We tend to think of museums as repositories for unique and outstanding cultural objects. Being able to see the ‘real thing’, instead of an imitation, is a draw for museum visitors worldwide. Think, for example, of the Mona Lisa: although a myriad of copies are available to view in high-resolution with a quick Google image search, visitors still flock to the Louvre in their thousands to see the original.
But will this always be the case? As technology gets better and better, is there a danger that we will no longer be captivated by the real thing, and will be just as happy to look at an imitation? In an age of smart phones, wearable technology and 3D printing, museums are competing for the ever-decreasing attention spans of audiences that are accustomed to ideas of personalised visits and eye-grabbing technology. But what makes a work of art captivating anyway?
Perhaps we need to look backwards in order to see forwards, as my Irish Research Council-funded project is currently doing. I am partnering with UCD, CRDS Ltd. (a company specialising in field schools and community archaeology) and the Discovery Programme (a body dedicated to the study of Ireland’s past) is using replicas of cultural objects as lenses through which we can look at both the history and possible futures of museums.
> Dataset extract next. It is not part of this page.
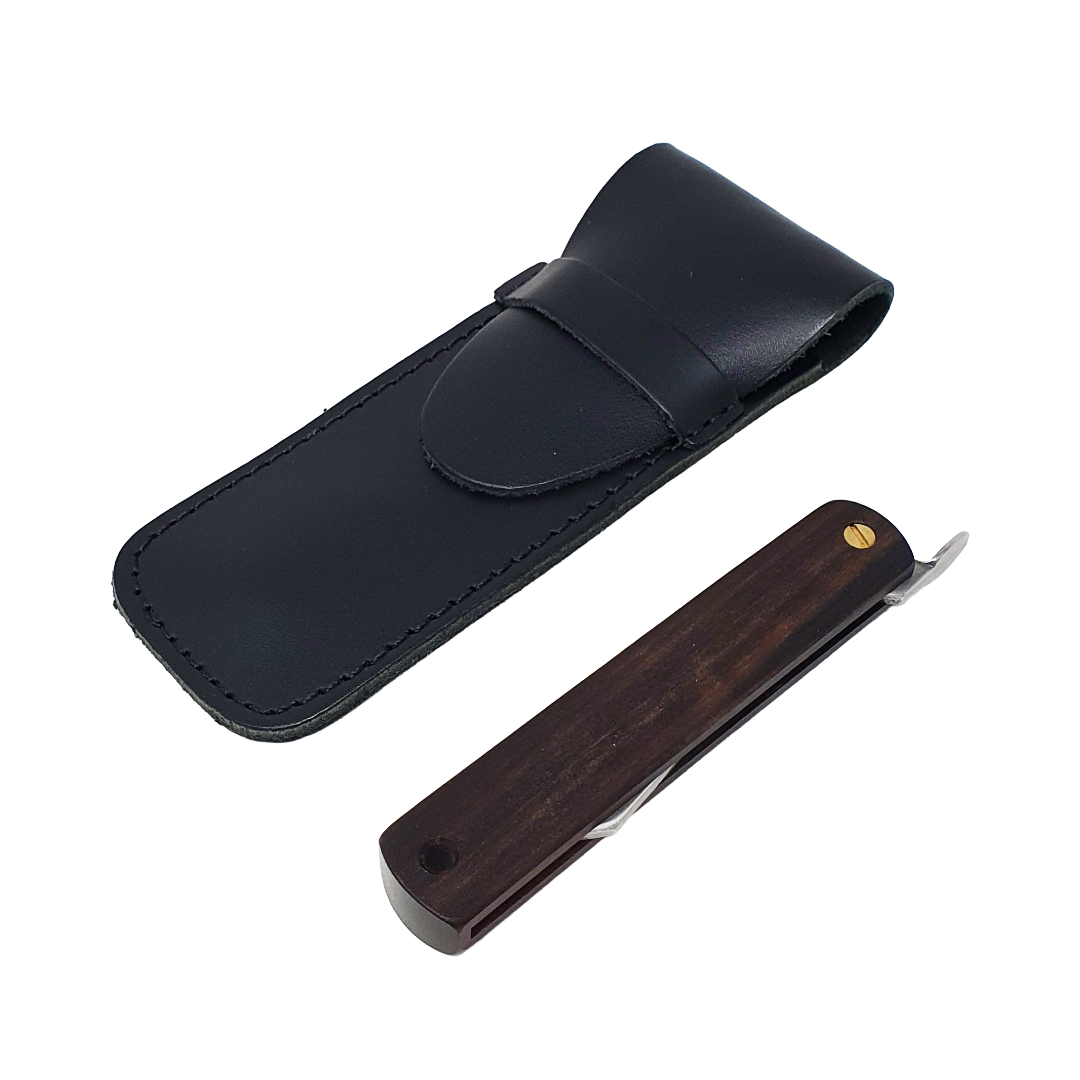 Black Leather Pouch for Folding Higonokami Knives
The tradition of replicating objects of cultural significance, and of using them as tools to transmit certain ideas or values, is an ancient one. The Romans used the Greeks as exemplars, for example, and copied their artistic practices. In the modern period, the replication of cultural objects, especially in the form of plaster casts, is closely linked to the heightened prestige of certain objects (the so-called ‘canon’) that were in turn integral to the development of large museums in the nineteenth century. At the turn of the twentieth century, most major European museums had a collection of replicas of original artworks that acted as a guidebook through the history of Western art. Ireland was no exception, and remnants of these collections can still be seen in many Irish institutions today (including the National Gallery of Art, the National Museum of the Ireland, the Crawford Gallery and the National College of Art and Design, to name a few).
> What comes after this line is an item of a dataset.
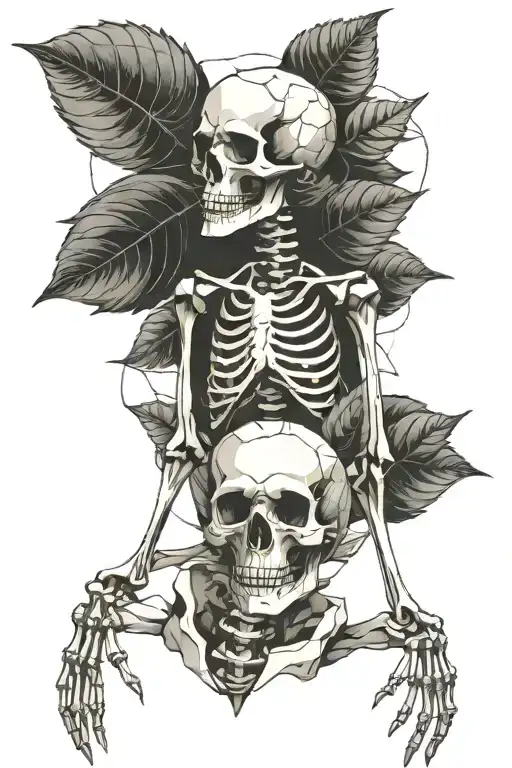 Small Skeleton Dancing Ornament Bay Leaves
Although these replicas fell from favour in the twentieth century, they are currently seeing a revival in interest. Is this linked to a comfort in, and reliance on, digital technologies that essentially create replicas all the time and that allow us to have the world at our fingertips? Is the only difference that we can view these objects on smart phones and tablet screens instead of in person in a museum? Or will the authenticity of an artwork, and its accompanying aura, always pull us back to the original?
This International Museum Day, get out and visit Ireland’s world-class museums. Hopefully the issues raised above might make you think about museums a little bit differently; are they just repositories for old stuff, or do they say a lot more about our current culture than a surface glance might indicate?
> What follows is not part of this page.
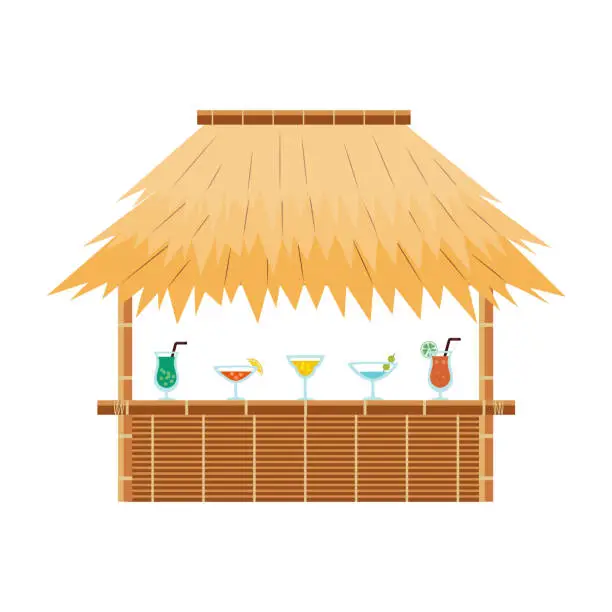 Vector illustration of Tropical tiki bar hut with cocktail drinks on counter - exotic beach cafe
Sally McHugh is a Postgraduate Scholar in the School of Education at NUI Galway, working on her project, “Innovation in Heritage Education: Towards a Synthesis of Formal and Informal Learning.”
Museums are highly important sites of learning outside the school. How can we design educational experiences and technologies to enhance the links between learning in these informal contexts and children’s education in formal learning settings, principally the classroom? My PhD research looks at how we can design creative and interactive, technology-enhanced activities for children, which strengthen the links between their learning in the classroom and their educational experiences in more casual or elective learning contexts, e.g. museums. The overall goal is to conceptualise, evaluate and develop a multisite design for learning with technology, one that will enhance children’s engagement with, and understanding of their cultural heritage.
Research has shown that computers can have a significant, formative and positive impact on learning, particularly when the focus is on using the technology for creativity and collaboration. However, children need substantial support to help them to use technology in an optimal, creative and collaborative way.
New innovations with digital media and technology are creating new possibilities for interactivity, and I am examining how we can take these new possibilities or ‘affordances’ and integrate them within a multisite design for cultural heritage education, facilitated and mediated across two key contexts for learning: the classroom and museum.
My particular research methodology is design-based research, and through three years and three cycles of principled technology experimentation and evaluation, to generate a design for learning that enhances the links between the classroom and museum. While developed in the Irish educational context, I hope the model I produce can be adopted and adapted to enhance cultural heritage education anywhere in the world.